これも首相退陣に直結する重大事案である。この加計疑惑の核心人物である加計孝太郎氏も一切の説明責任を果たしていない。
そしていま、加計学園に補助金詐取の濃厚な疑惑が浮上している
大阪地検特捜部は森友学園元理事長の籠池泰典氏夫妻を「詐欺罪」で起訴し、現在も勾留を続けている。
これよりもはるかに巨大な不正疑惑が浮上している加計学園に対して、検察当局が適正な捜査を行わないとすれば、この国は完全な暗黒社会に堕しているとしか言いようがなくなる

事態を打開するには、選挙で勝つことが必要不可欠だ。選挙で利権政治を推進する利権複合体勢力を打倒することが必要なのだ。
重要なことが二つある。ひとつは、どのような野党共闘体制を構築するのか。いまひとつは、勝てる候補者を擁立することである。
民進党の代表戦が行われているが、読売、産経、日経が足並みを揃えて前原勝利を誘導している。前原氏は小池国政新党との連携を否定しない一方で、共産党との共闘に慎重な姿勢を示す。
日本を支配する勢力は、自公と第二自公による二大政党体制の構築を目指している。そのために、民進党を第二自公創設に誘導しようとしている。これが、読売、産経、日経が前原支援を行っている背景であると推察される。

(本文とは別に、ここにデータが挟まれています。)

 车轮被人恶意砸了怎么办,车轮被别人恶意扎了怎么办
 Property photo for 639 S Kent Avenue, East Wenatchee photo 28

しかし、安倍暴政の基本路線を排除して、主権者の意思に沿う政治を実現するには、安倍政治に対峙する勢力が連帯、大同団結するしかない。
自公と第二自公の二大政党体制では政権交代は生じるかも知れないが、政策転換は起こりようがなくなる。したがって、目先の「数合わせ」の発想を脱却して、政策を基軸にした反安倍政治勢力の結集、大同団結を目指さなければならない。民進党を分党し、反安倍政治勢力が共産党を含めて結集して次の衆院総選挙に臨まねばならない。

もうひとつ重要なことは、「勝てる候補者」を擁立することだ。
来年3月にも実施される見通しの石川県知事選では7選の是非が最大の争点になるだろう。
主権者は「多選阻止」正当な判断であると考えている。しかし、対立候補が優れていなければ、「多選阻止」を実現することはできない。「清新な候補者」を擁立することが政治刷新を実現する極めて重要な要因になる。
7月2日の東京都議選、7月23日の仙台市長選で、安倍自公の凋落傾向が鮮明になった。
しかし、7月31日の横浜市長選では野党第一党の民進党の中核が自公と連携する失態を演じた。「民進党の正体見たり市長選」ということになった。

茨城県知事選では選挙戦に突入してから橋本候補が原発再稼動反対の主張を示したが、自公候補と一騎打ちの選挙を行うなら、自公候補と対峙する候補者をただ一人に絞ることが重要だ。
今後、大きな注目を集めることになるのが、10月22日投票が見込まれている宮城県知事選である。現職の村井嘉浩氏が4選を目指すことを表明している。
安倍政権とべったり連携する新自由主義候補の4選を宮城県の主権者が認めるのかどうか。
7月23日の仙台市長選では、反安倍政治陣営が連帯して、この重要な選挙に勝利した。この勝利を誘導した仙台市民が主導して、10月の知事選への対応を協議している。
広く県民の支持を集約できる「勝てる候補」を擁立することが、政治の潮流転換に必要不可欠である。

臨時国会では森友・加計疑惑で、安倍首相が止めを刺される可能性が高い。
このことから、安倍首相が9月下旬に召集するとしている臨時国会冒頭で衆院解散に踏み切る可能性がある。10月22日に衆院総選挙を挙行してしまうというシナリオだ。
この選挙を乗り切ってしまえば、森友・加計疑惑をうやむやにしてしまうことができると考えている可能性がある。
時間が経過して野党の選挙態勢が整うのを恐れている面もある。茨城県知事選で自公候補が勝利したことも解散戦略を後押しする要因になると考えられる。

早期の衆院総選挙が実施される可能性を念頭に置かねばならない。
衆院総選挙が実施される場合、主権者はどのようにこれに立ち向かうべきか。選挙に勝利するには、主権者の投票を一人の候補者に集中させることが必要不可欠だ。
野党の体制が整わぬなら、主権者が主導して、主権者が支援する候補者を各選挙区にただ一人に絞り込むことが必要である。
候補者を一人に絞り込む基軸は、言うまでもなく「政策」だ。
1.原発稼動阻止
2.戦争法廃止
3.消費税減税
の三つを公約に明記する候補者を、各選挙区にただ一人擁立する。これを主権者が主導してやるしかない。

政党名は問わない。
政策を基軸に据える。
政策を基軸に党派にかかわりなく、主権者が主導して、一選挙区一候補者の体制を構築する。
これをやり切れば、総選挙に勝つことが可能になるだろう。

主権者にとって何よりも重要で、何よりも意味を持つのは政策」であって「政党」ではない。
民進党が一刻も早く分党して、反安倍政治陣営が連帯、結束できる状況を生み出すことが重要である。
しかし、民進党が相変わらず「鵺(ぬえ)」の存在であり続けるなら、この民進党に見切りをつけて、主権者が主導して野党共闘=反安倍政治陣営の結集を実現しなければならない。